Les Misérables characters network, encoding interactions between characters of Victor Hugo’s novel, was first created by Donald Knuth as part of the Stanford Graph Base (https://people.sc.fsu.edu/~jburkardt/datasets/sgb/sgb.html). It contains 77 nodes corresponding to characters of the novel, and 254 vertices connecting two characters whenever they appear in the same chapter.
data(les_miserables)
A<- les_miserables$A
names <- les_miserables$names
net <- graph_from_adjacency_matrix(A, mode = "undirected")
V(net)$name <- names
V(net)$color <- "gray80"
deg <- degree(net, mode="all")
V(net)$size <- deg
plot(net, vertex.label.cex = 0.4)
We fit a classical SBM to the graph and represent the graph with nodes proportional to their degrees and colored by community assignment. The number of communities has been selected so as to minimize the ICL criterion.
vBlocks <- 1:10
collection_sbm <- missSBM::estimateMissSBM(A, vBlocks, "node")
#>
#>
#> Adjusting Variational EM for Stochastic Block Model
#>
#> Imputation assumes a 'node' network-sampling process
#>
#> Initialization of 10 model(s).
#> Performing VEM inference
#> Model with 8 blocks. Model with 5 blocks. Model with 4 blocks. Model with 3 blocks. Model with 7 blocks. Model with 2 blocks. Model with 9 blocks. Model with 1 blocks. Model with 6 blocks. Model with 10 blocks.

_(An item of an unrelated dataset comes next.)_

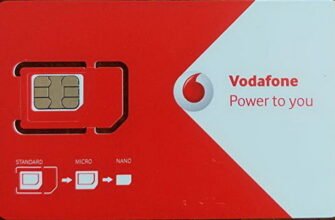 Як користуватися Vodafone у Великій Британії: покрокова інструкція та поради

#> Looking for better solutions
#> Pass 1 Going forward +++++++++ Pass 1 Going backward +++++++++
colo <- round(collection_sbm$bestModel$fittedSBM$probMemberships)
colo <- sapply(1:nrow(A), function(i) which.max(colo[i,]))
pal3 <- brewer.pal(10, "Set3")
V(net)$color <- pal3[colo]
V(net)$label <- NA
V(net)$size <- deg
plot(net)
We observe that the main character Jean Valjean is alone in his community, and one of the clusters groups important characters (Thénardier, Éponine, Javert).
The Generalized stochastic Block Model accounts for outlier profiles (hubs, mixed memberships). In this model, nodes are divided into two sets: the inliers which follow a classical SBM, and the outliers, for which we make no assumptions on the connectivity model. These two sets are unknown a priori and are learned automatically by our procedure. Below we represent the result of the clustering, with the detected outliers indicated in red. They correspond to hubs (large center node, Jean Valjean) and nodes with mixed memberships (e.g. smaller central nodes with connections to several clusters).
lambda1 <- 4
lambda2 <- 5
res <- gsbm_mcgd(A, lambda1 = lambda1, lambda2 = lambda2)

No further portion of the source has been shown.